Orkney and Shetland long retained their Norse customs, but while Orkney was gradually absorbed into the Scottish feudal system the Shetland landowners, or odal men, never applied for Scottish charters or a valuation of their holdings. Throughout our period there were no Shetland voters on the electoral roll. The principal interest about 1754 belonged to the Earl of Morton, but his influence was constantly disputed by the independent lairds. In 1757 they brought a lawsuit against Morton, charging him with illegally exacting higher rents and feu duties and with increasing the old Scandinavian standard weights by which payments in kind were measured.
Patrick Honyman of Graemesay, who in 1758 succeeded to an estate next in importance to Morton’s own, began to create new votes. Morton, alarmed lest the other Orkney electors, almost all of whom were blood relations, would combine against him, engaged the assistance of his friend James Baikie of Tankerness, for whom he obtained a secret service pension of £200 per annum.
In 1766 Morton sold for £63,000 all his estates and superiority rights in Orkney and Shetland to Sir Lawrence Dundas, and in 1768 and 1774 Dundas’s candidates were returned unopposed. Dundas, although rarely visiting the islands, made some attempt to raise Orkney from its poverty; but his offer of £10,000 for improvements was rejected by the lairds when he desired ‘heritable security for his money’.

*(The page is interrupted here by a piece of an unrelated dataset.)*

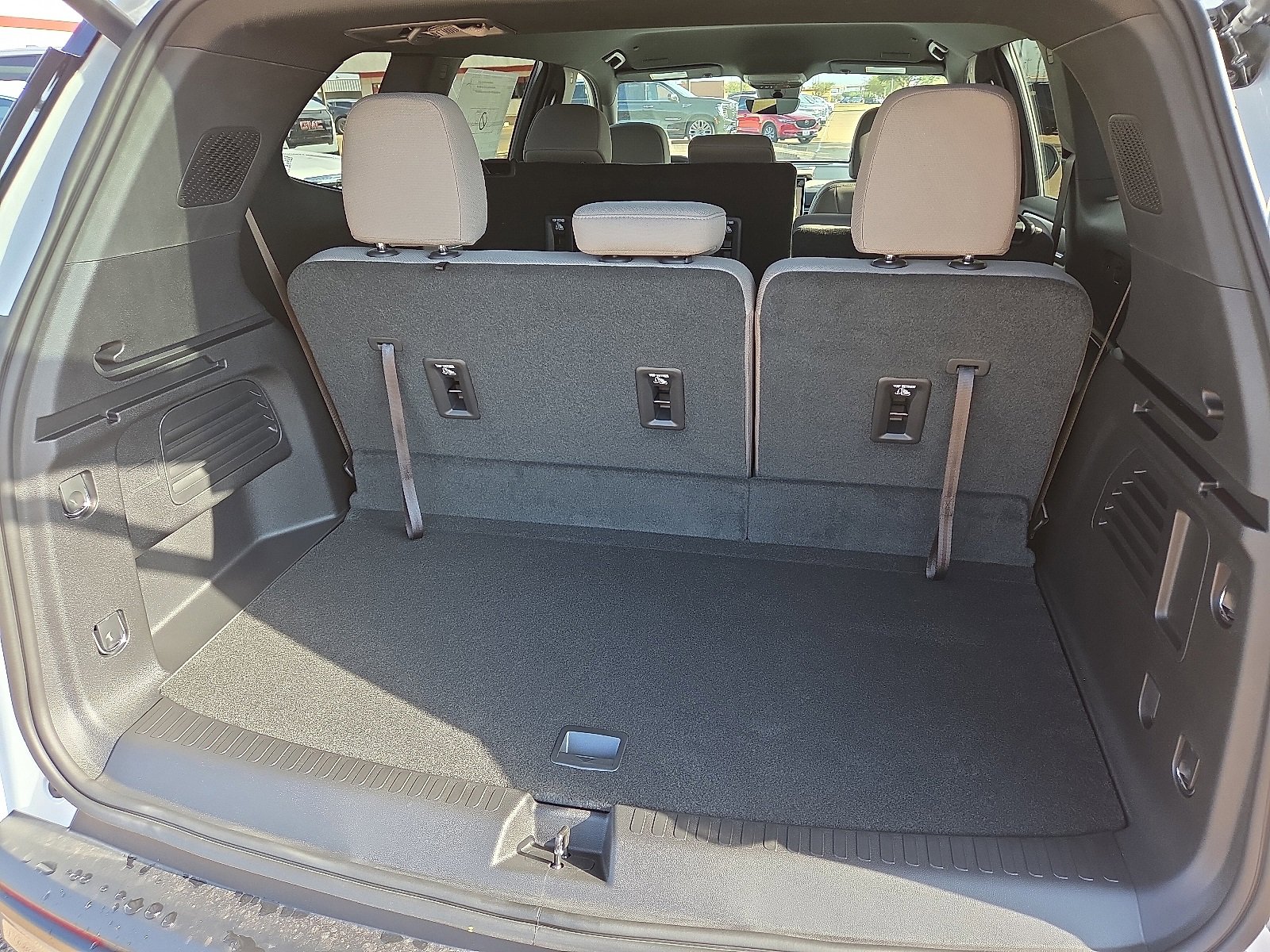 New 2026 GMC Acadia Elevation image 6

Sir Thomas Dundas, who succeeded Sir Lawrence Dundas in 1781, was disposed to encourage the Shetland landowners to acquire electoral qualifications; but the practical difficulties of conducting an election in the island, together with doubts of the legality of enrolling the Shetlanders, caused him to drop the plan. At the general election of 1784 Baikie was again the Government candidate and was again defeated.